The Cow Green Reservoir was built between 1967 and 1971 after protests to prevent its creation had failed. The reservoir provides a constant supply of water to the thirsty industries of Teesside, more than 50 miles (80km) away. Moreover, when at full capacity, it holds 9000 million gallons (41,000 million litres). The dam is 1875 feet (571m) long and 82 feet (25m) high. Before the reservoir's construction, the course of the river Tees made a giant crescent, known as ‘The Weel’, where it gathered force before plummeting down the spectacular staircase of Cauldron Snout.
The route from Weelhead Sike provides sweeping views across the valley to Chapelfell Top and Fendrith Fell, helping to compensate for the somewhat hard surface underfoot. To the right is the wild heather moorland of Widdybank Fell. Furthermore, during the spring and early summer, you may see the golden plover, easy to identify by its golden-brown back with black speckles and a black belly. Other birds such as curlew, lapwing, meadow pipit and skylark are also common during the breeding season.
Leaving the road, we follow a clear track to Widdybank Farm, and the prominent outcrop of Cronkley Scar comes into view. In the mid-nineteenth century, an area of shale found in the rocks at Cronkley Scar proved to be suitable for making pencils. Subsequently, a pencil mill opened nearby which operated until 1899. The pencils, known locally as ‘widdies’, were made by grinding the shale into a powder and then compressing it into moulds.
After reaching the banks of the river Tees, a broad track leads upstream to the towering crags at Falcon Clints. Golden Eagles once soared above these rocky cliffs, and their eyries remain, waiting for them to return! Our path winds its way through the rocks at the foot of the cliffs where lichens and mosses are well-established; lady fern, wood anemone, wood horsetail and woolly hair moss shelter in the fallen rocks. The only sound disturbing the solitude is the rippling of the river.
Further upstream we reach a confluence where Maize Beck merges with the river Tees. Before 1974, this marked the boundaries of three counties; below the juncture, the Tees separated County Durham from the North Riding of Yorkshire; above the juncture, it separated County Durham from Westmorland, which is now part of Cumbria.
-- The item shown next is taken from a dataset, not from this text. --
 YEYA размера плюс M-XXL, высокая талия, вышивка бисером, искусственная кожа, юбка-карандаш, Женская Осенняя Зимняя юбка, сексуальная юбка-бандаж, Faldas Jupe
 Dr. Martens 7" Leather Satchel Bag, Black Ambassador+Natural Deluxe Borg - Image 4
The path continues along the riverside, and the sound of crashing water grows louder with each step. Suddenly, the spectacular waterfall of Cauldron Snout confronts us, at one time described as ‘a cascade of torrential wildness’. Here the Tees plunges, in a series of cataracts, down a rocky staircase 600 feet (183m) in length. The vertical drop from the first cataract to the last is 200 feet (61m) – England’s largest cascade waterfall. Nowadays the Cow Green dam controls the river’s flow, releasing enough to make an impressive display most of the time. But when the reservoir is full, curtains of water spill over and quickly surge into a formidable force, reminiscent of its former magnificence.
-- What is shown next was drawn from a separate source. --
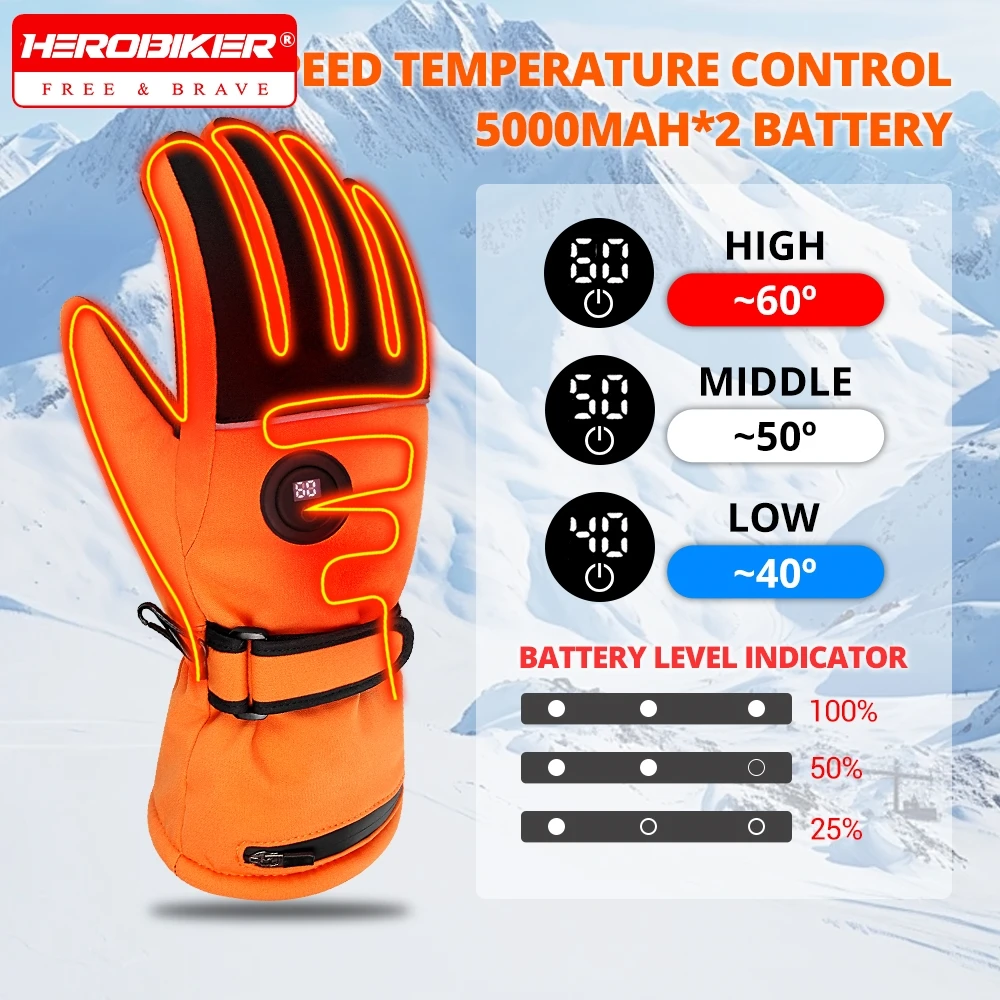 

HEROBIKER зимние теплые перчатки с подогревом, электрические лыжные перчатки с подогревом, ветрозащитные термоперчатки с сенсорным экраном, лыжные гоночные перчатки с подогревом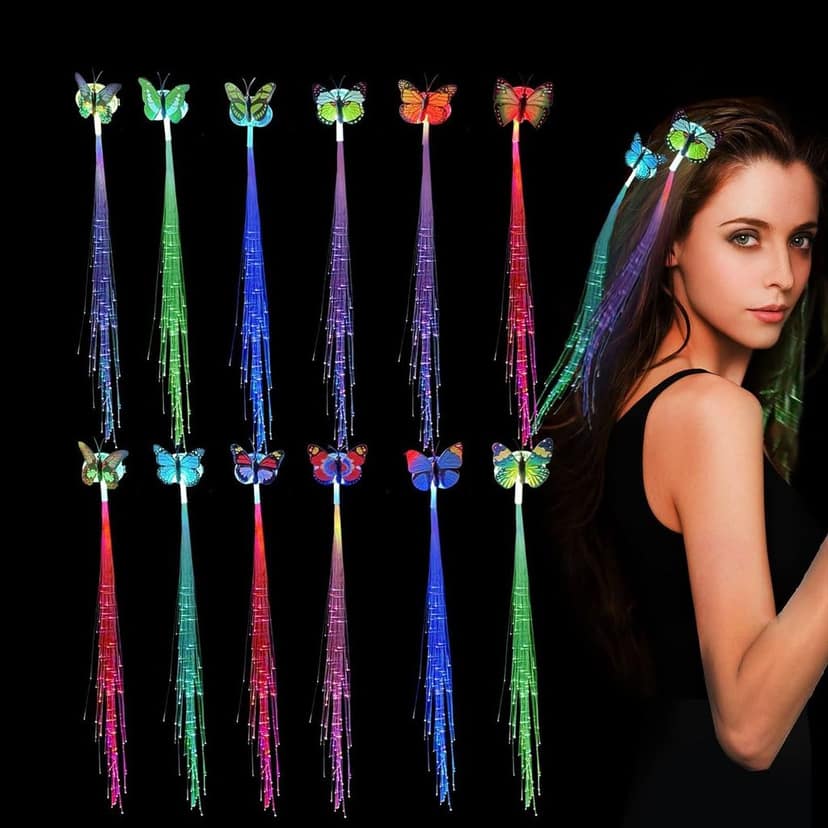 LED Butterfly Hair Braid Clip – Light-Up Party Accessory view 2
According to local folklore, the ghost of the ‘Singing Lady’ haunts the area around the falls. A young Victorian farm girl fell in love with a local lead miner, but the affair ended when the miner returned home to his family. Consequently, the grief-stricken girl made her way to the edge of the falls where she threw herself into the raging torrent. Apparently, her spirit usually appears, on cold moonlit nights, sitting on a rock near the falls where she sadly laments the loss of her lover.
After an invigorating climb to the top of Cauldron Snout, the concrete wall of the Cow Green Dam appears. However, the scenery quickly improves, and the backdrop of the Pennine hills becomes visible once again during our return to the car park.